═══ Material shown ═══

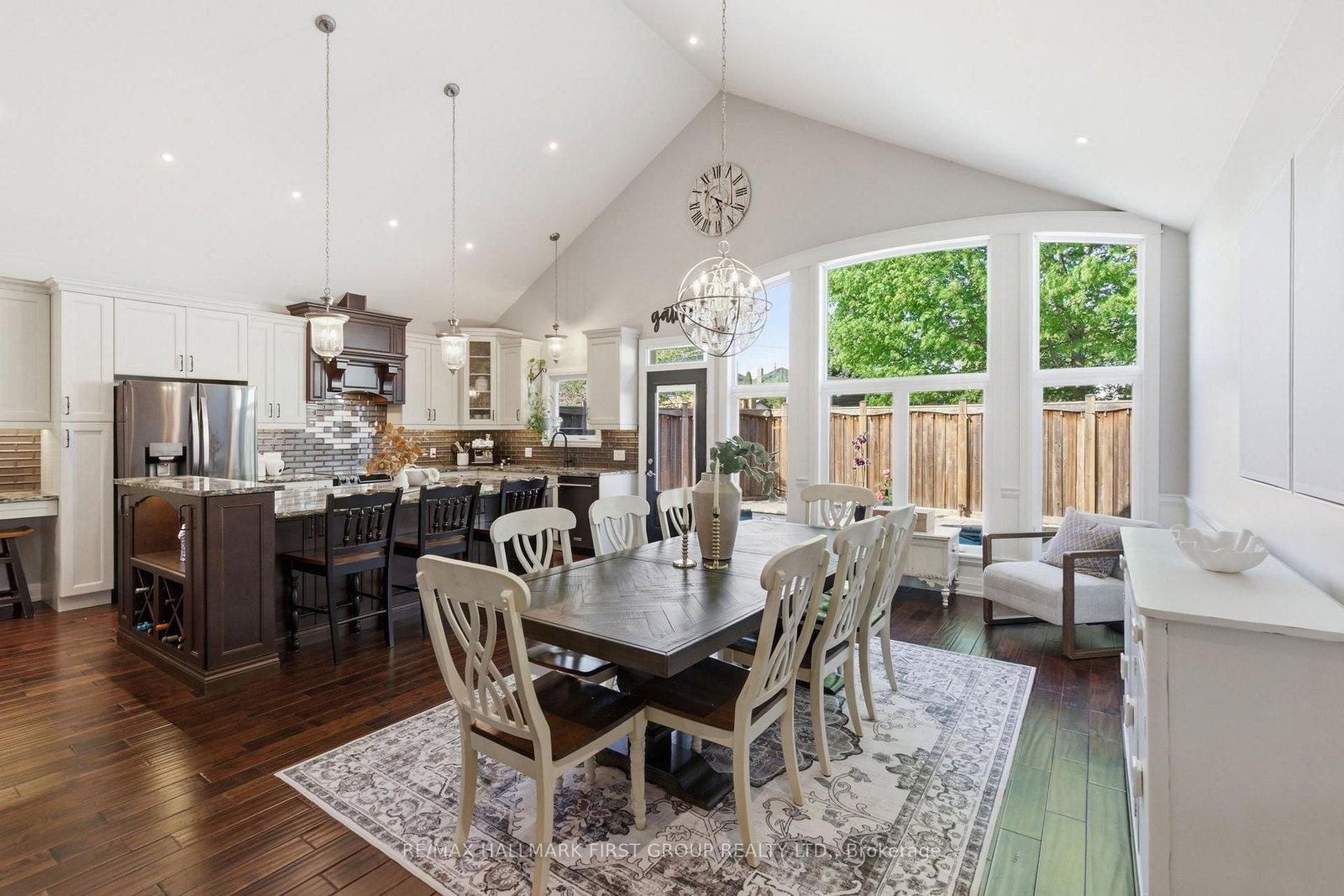 53 Brown Street • Clarington, ON photo 10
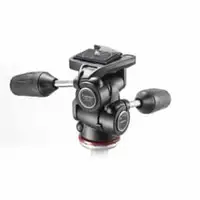 在飛比找法雅客網路商店優惠-Manfrotto 曼富圖 MH804-3W 804 三向雲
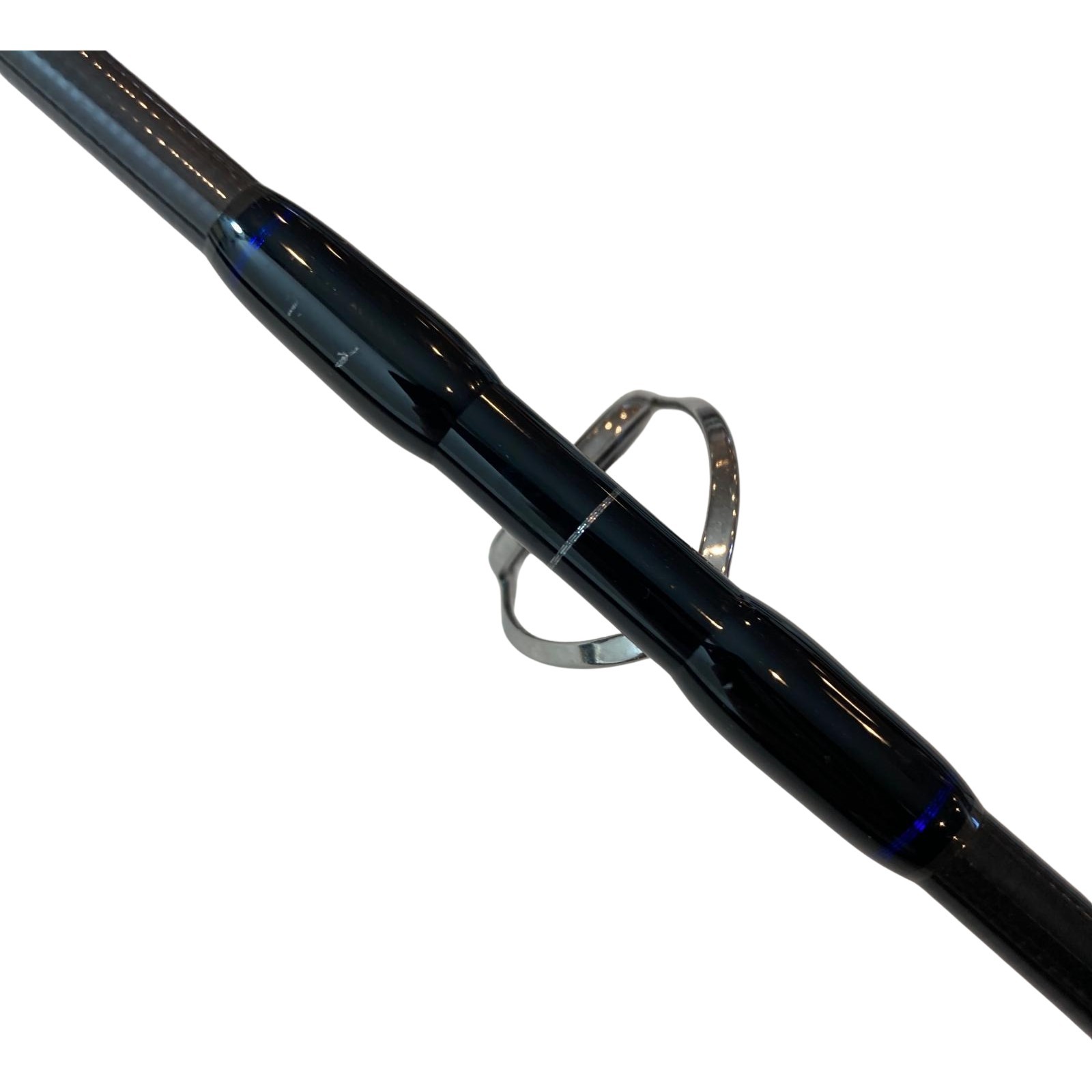 Ripple Fisher Lure Rod Big Tuna 83 Japan Special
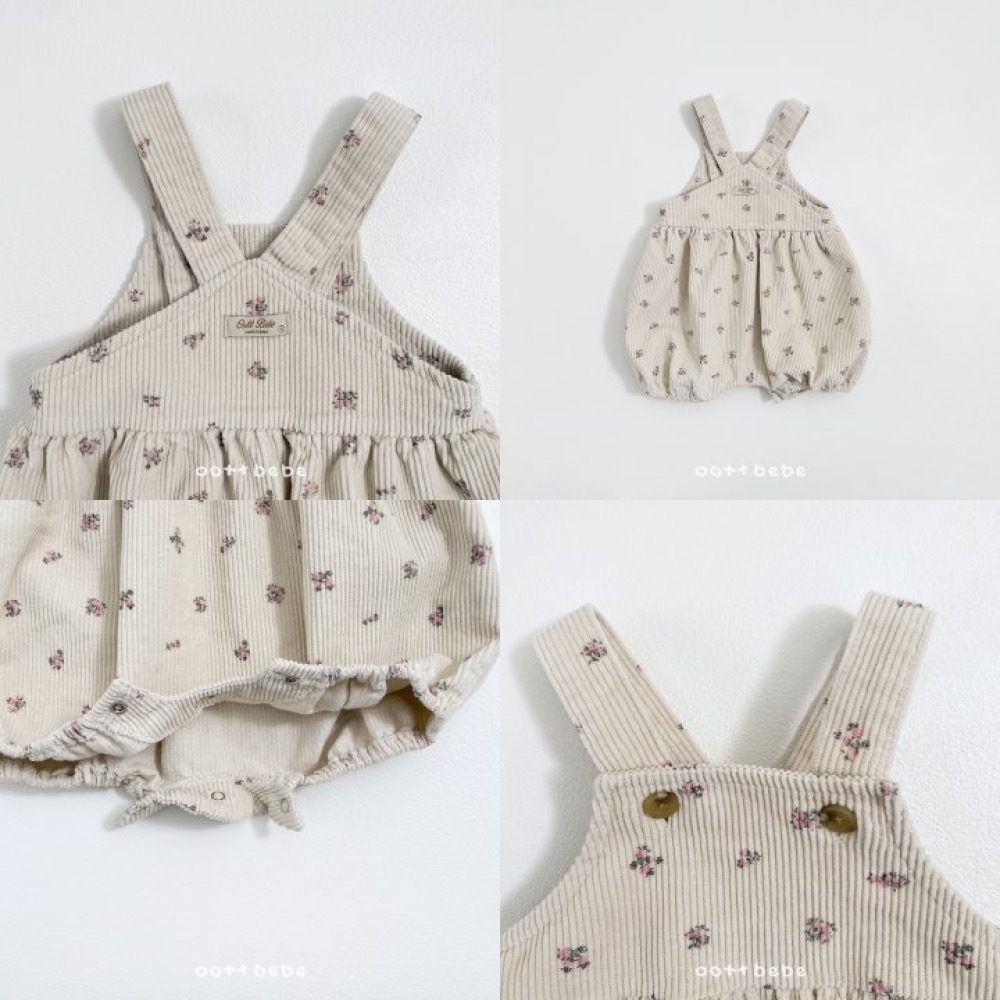 ImageDrain-20251210T071729.770Z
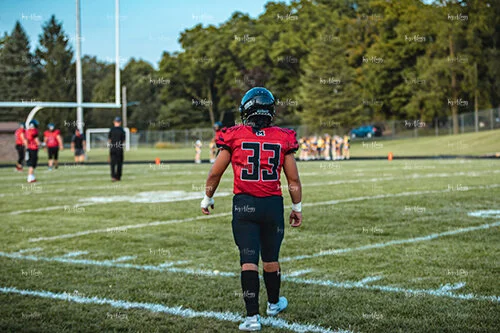 MHSFB19 Hastings Gameday-10_500pxwm.jpg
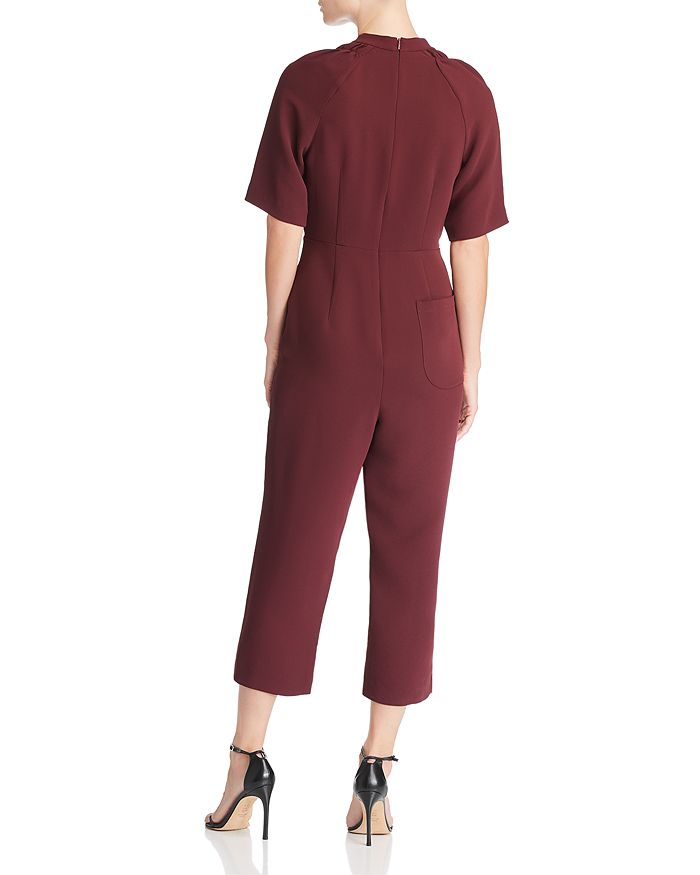 Whistles devyn dress discount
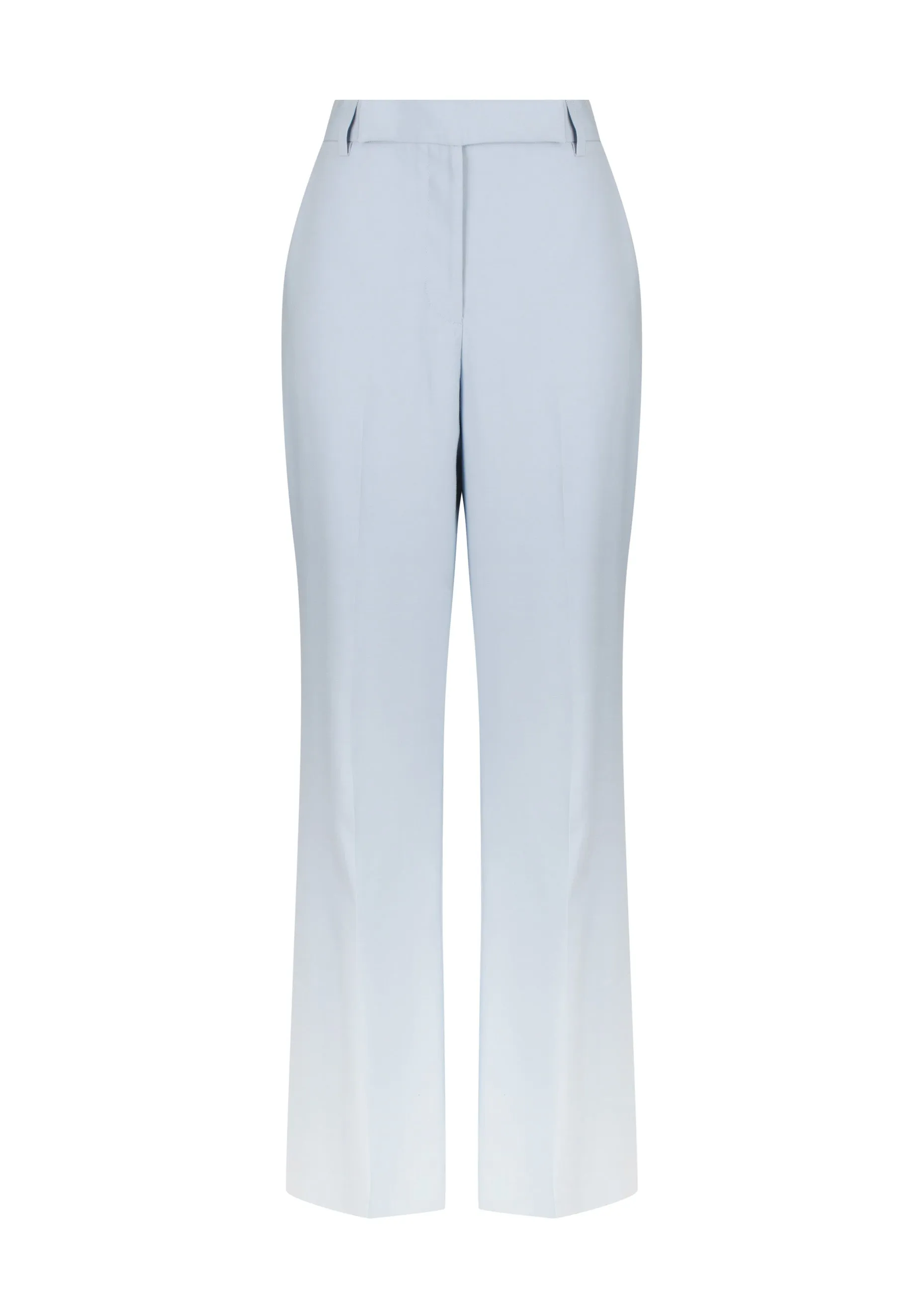 Bianca Trouser_Sky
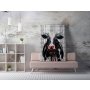 WALLXPERT Dekorativna slika WY267 50 x 70 - slika 2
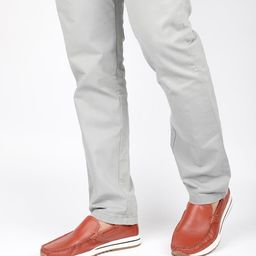 ATESBER by Inc.5 Men Leather Loafers-image-41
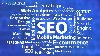 One Of The Best Reviewed SEO Agencies in Essex offer Internet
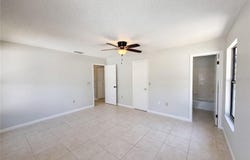 543 SILVER COURSE CIRCLE, OCALA, FL 34472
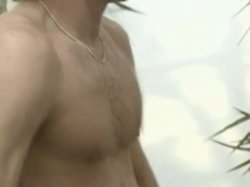 'Super Tits of Porn #5' screenshot nº 111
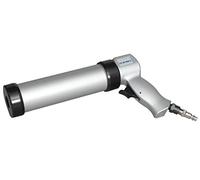 LACME SARL SPIT1080 Pistolet pneumatique à Cartouche LACME-334100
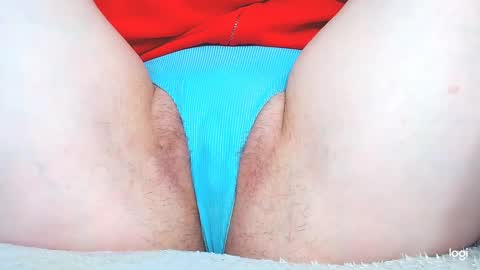 Snapshot of sexyadaforu chatting on January 2025 06:54:01 PM sexyadaforu online show from January 2025 06:54:01 PM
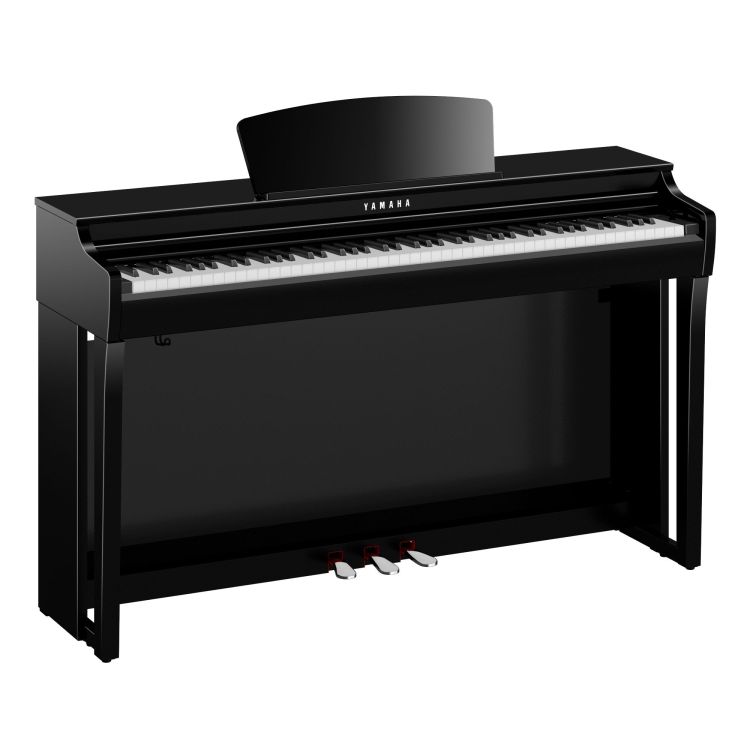 digital-piano-yamaha-modell-clp-725-schwarz-polier_0001.jpg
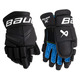 S24 X Jr - Gants de hockey pour junior - 0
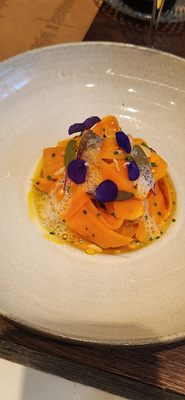Restaurant Natura by null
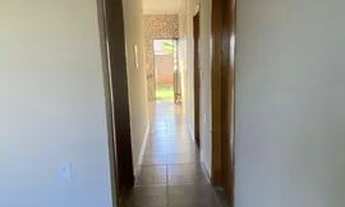 Imagem 7: Casa São Thomaz II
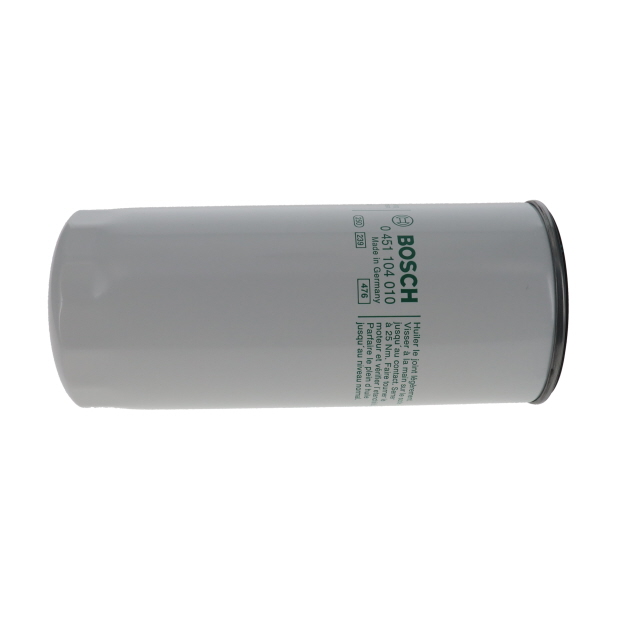 0451104010 Oil Filter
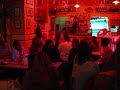 fados na baiuca - s�rgio fraz�o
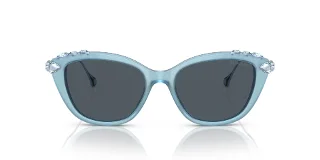 Swarovski Sunglasses SK6010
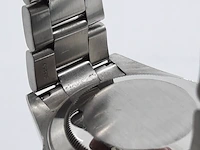 Heren polshorloge, rolex, submariner 16610 - afbeelding 21 van  33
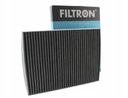 Uhlíkový kabínový filter Filtron FORD FOCUS MK1 I 1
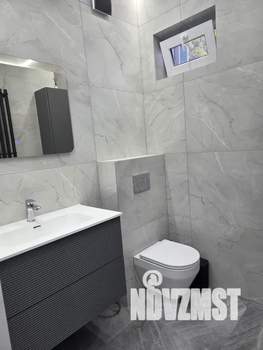 Дом 70м², 1-этажный, посуточно,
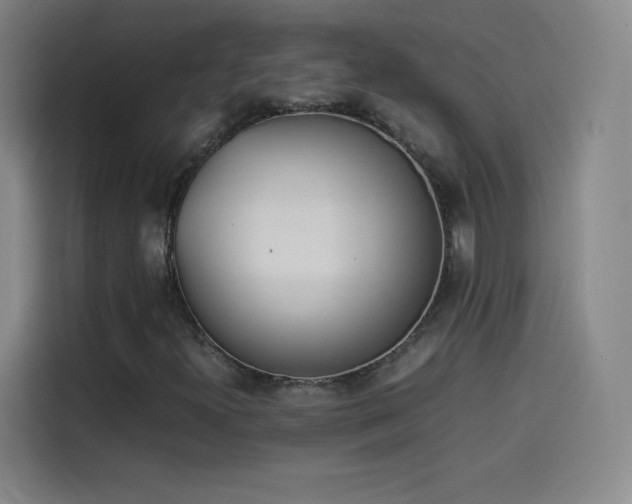 X0000114061300200910131137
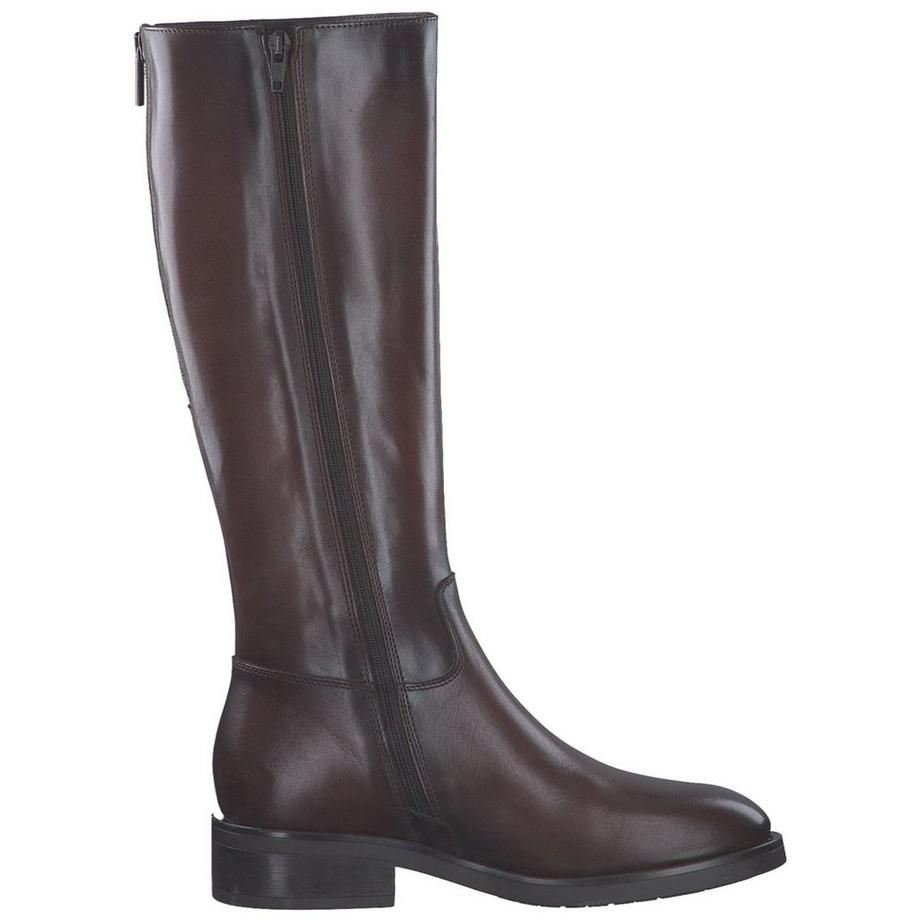 Tamaris Stivali classici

═══

# What you are asked to do:
Only the text of the entries above, transcribed exactly, should be given; leave out pictures.

# Result for this task:
 53 Brown Street • Clarington, ON photo 10
 在飛比找法雅客網路商店優惠-Manfrotto 曼富圖 MH804-3W 804 三向雲
 Ripple Fisher Lure Rod Big Tuna 83 Japan Special
 ImageDrain-20251210T071729.770Z
 MHSFB19 Hastings Gameday-10_500pxwm.jpg
 Whistles devyn dress discount
 Bianca Trouser_Sky
 WALLXPERT Dekorativna slika WY267 50 x 70 - slika 2
 ATESBER by Inc.5 Men Leather Loafers-image-41
 One Of The Best Reviewed SEO Agencies in Essex offer Internet
 543 SILVER COURSE CIRCLE, OCALA, FL 34472
 'Super Tits of Porn #5' screenshot nº 111
 LACME SARL SPIT1080 Pistolet pneumatique à Cartouche LACME-334100
 Snapshot of sexyadaforu chatting on January 2025 06:54:01 PM sexyadaforu online show from January 2025 06:54:01 PM
 digital-piano-yamaha-modell-clp-725-schwarz-polier_0001.jpg
 S24 X Jr - Gants de hockey pour junior - 0
Restaurant Natura by null
 Imagem 7: Casa São Thomaz II
 0451104010 Oil Filter
 fados na baiuca - s�rgio fraz�o
 Swarovski Sunglasses SK6010
 Heren polshorloge, rolex, submariner 16610 - afbeelding 21 van  33
 Uhlíkový kabínový filter Filtron FORD FOCUS MK1 I 1
 Дом 70м², 1-этажный, посуточно,
 X0000114061300200910131137
 Tamaris Stivali classici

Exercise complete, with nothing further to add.